Dados em nosso poder indicam que, em média por mês, a instituição recebe entre 15 e 20 casos de casais que procuram aconselhamento e assistência jurídica para a separação e divisão de bens.

Betinha Piloto, assistente da Casa dos Direitos do Cidadão, disse há dias, em entrevista ao nosso Jornal, que os casos arrastam consigo problemas de violação da Lei de Família, porquanto, mesmo que haja divisão de bens e seja consumada a separação do casal, há progenitores que deixam de assistir as crianças resultantes da relação conjugal do casal.

 A nossa entrevistada disse que as pessoas visadas têm sido aconselhadas de que, independentemente, das razões da separação, há toda necessidade de o pai e mãe garantirem condições de alimentação, educação, saúde e outros aspectos para o crescimento e desenvolvimento harmónio dos petizes.

Ainda de acordo com Betinha Piloto, os casos de violência doméstica também têm vindo a aumentar no seio das comunidades, em Quelimane, o que pressupõe encontrar outras soluções no seio familiar e igreja para buscar consenso na solução de diferenças porque, conforme considerou, a lei por si só pode não resolver de todo o problema.

Por exemplo, a violência contra menores, incluindo sexual, de acordo ainda com Piloto, tem vindo a crescer, por isso advoga maior trabalho de mobilização social nas escolas, bairros e nas igrejas para chamar à responsabilidade social das pessoas e prevenir a ocorrência de tais crimes.

A nossa entrevistada disse ainda que muitos casos de separação são apresentados pelos homens e de divisão de bens pelas mulheres.

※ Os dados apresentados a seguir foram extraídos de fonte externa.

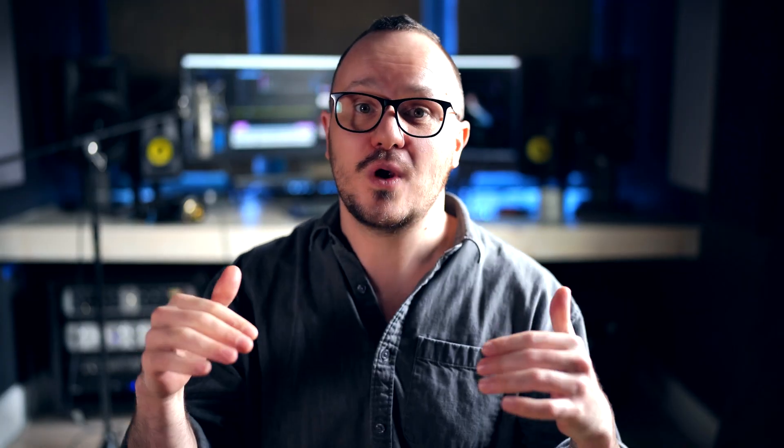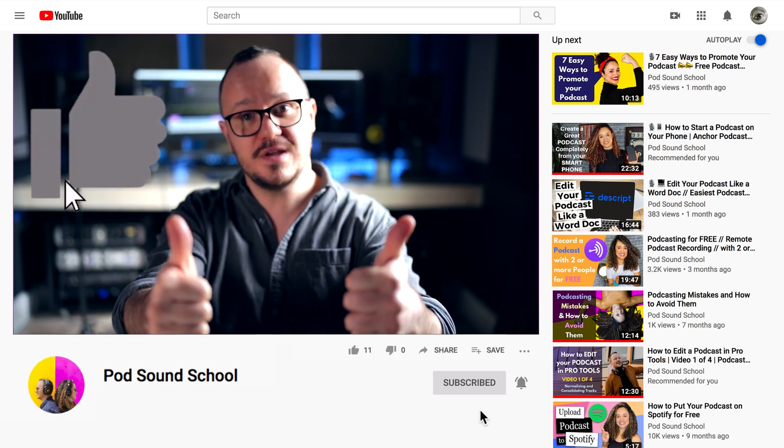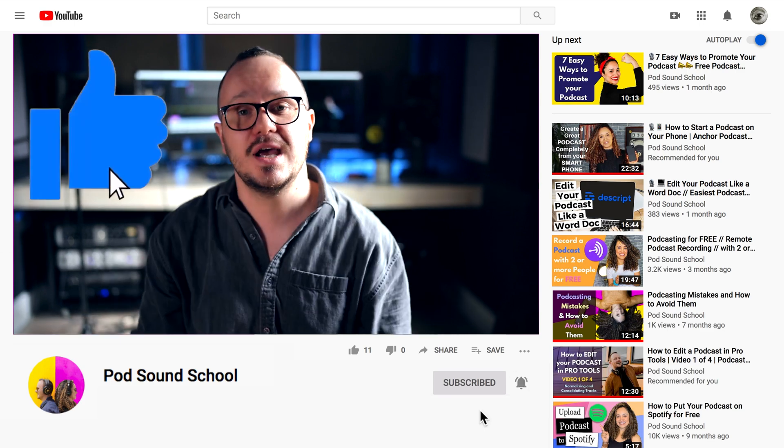Thank you for tuning in on this video today. Remember to grab your free Reaper ebook that I made just for you, and make sure that you subscribe to our channel. Give this video a like and check in with us each week as we post really cool videos about podcasting and content creation and all of that fun digital online stuff.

Na Casa dos Direitos do Cidadão o aconselhamento e assistência jurídica são gratuitos e têm por objectivo ampliar e fazer compreender os cidadãos, independentemente do sexo ou idade, dos seus direitos.

A Casa dos Direitos do Cidadão é uma organização da sociedade civil que funciona na cidade de Quelimane desde o ano passado. Promove educação sobre os Direitos Humanos. Aquela organização funciona com o apoio da embaixada francesa, Conselho Municipal da cidade de Quelimane e da Faculdade de Ciências Sociais e Políticas da Universidade Católica de Moçambique.

Para além de prestar assistência jurídica e aconselhamento, a Casa dos Direitos do Cidadão promove a educação cívica. Sobre os novos contornos da violência doméstica, em que as mulheres queimam os seus esposos com óleo, a nossa fonte disse que tem vindo, nos últimos dias, a promover “workshops” para sensibilizar as mulheres a não enveredarem pelos actos criminais.

A Casa dos Direitos do Cidadão tem vindo a trabalhar com órgãos de administração da Justiça, organizações da sociedade civil, órgãos de comunicação social e outros segmentos sociais. A ideia é erguer a voz contra todos aqueles que violam os direitos dos outros.